The ability to reproducibly initiate a tachycardia provides an objective method by which the efficacy of an antiarrhythmic agent in preventing the arrhythmia can be tested. The use of electrophysiologic testing to analyze the effects of different drugs, singly or in combination, can provide a relatively rapid and rational method of selecting drug therapy.125,126,127,128,129,130,131,132,133,134,135,136,137,138,139,140,141,142,143 Support for this method has evolved because of the realization that patients with the same arrhythmia can respond quite differently to antiarrhythmic agents of the same group. Such an approach can save substantial time involved in empiric “trial and error therapy,” the efficacy of which must be based on the frequency of symptoms, the ability of ambulatory monitoring to record such events, and in the case of malignant ventricular arrhythmias, sudden death. The paroxysmal nature of most reentrant arrhythmias makes the use of Holter monitoring less reliable as an indicator of effective therapy. The limitations of Holter monitoring for the management of such arrhythmias are (a) the infrequent nature of spontaneous ectopy, (b) the spontaneous variability of such activity, and (c) the inability of suppression of ambient ectopy to predict prevention of the sustained arrhythmias for which the therapy is given.

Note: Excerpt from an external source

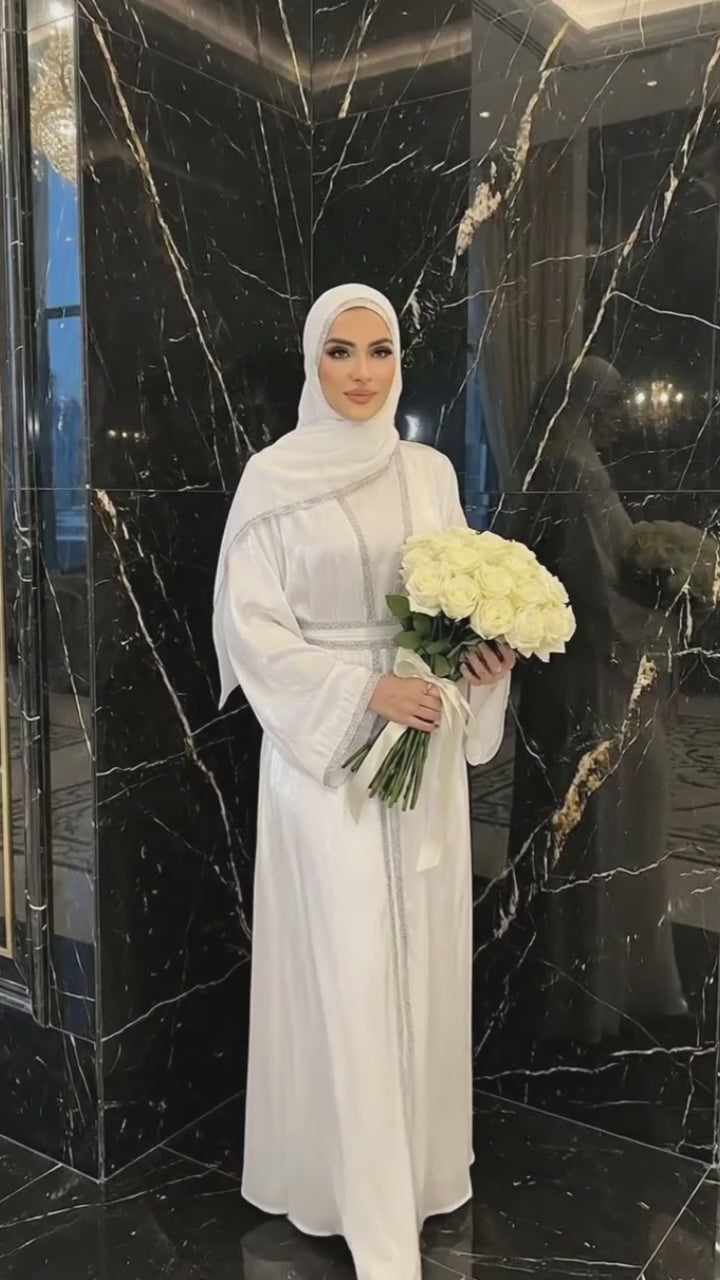 ENDLESS NOOR WHITE BRIDAL ABAYA HIJAB SET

This is particularly true in the case of ventricular
arrhythmias (Fig. 12-9). The ease of placement and safety of insertable cardiac monitors have helped to overcome some of these limitations.

The use of an electrophysiologic protocol for drug selection is based on two assumptions: (a) The tachycardia initiated in the laboratory by programmed stimulation is identical to that occurring spontaneously, and (b) the response of antiarrhythmic agents in the laboratory predicts the clinical response. Both of these assumptions appear well established in the case of paroxysmal supraventricular tachycardias and sustained uniform VT (as long as a 12-lead electrogram during the spontaneous episode is available to compare to the induced arrhythmia). While it is rarely possible to record the rhythm initiating cardiac arrest, as has been discussed in detail in Chapter 11, most episodes appear to be initiated by either a uniform VT, which produces hemodynamic collapse or degenerates into ventricular fibrillation, or a rapidly accelerating VT, uniform or polymorphic, degenerating into ventricular fibrillation after a variable amount of time. Our experience and that of many institutions have supported the clinical utility of programmed stimulation for developing drug therapy for these arrhythmias.130,131,132,133,134,135,136,137,138,139,140,141,142,143 While pharmacologic therapy has assumed a secondary role for the treatment of malignant ventricular arrhythmias because of the demonstrated superiority of ICDs in preventing sudden death, pharmacologic therapy is still required to (a) prevent recurrences resulting in multiple ICD discharges and (b) slow the VT cycle length to facilitate antitachycardia pace termination (see Chapter 13).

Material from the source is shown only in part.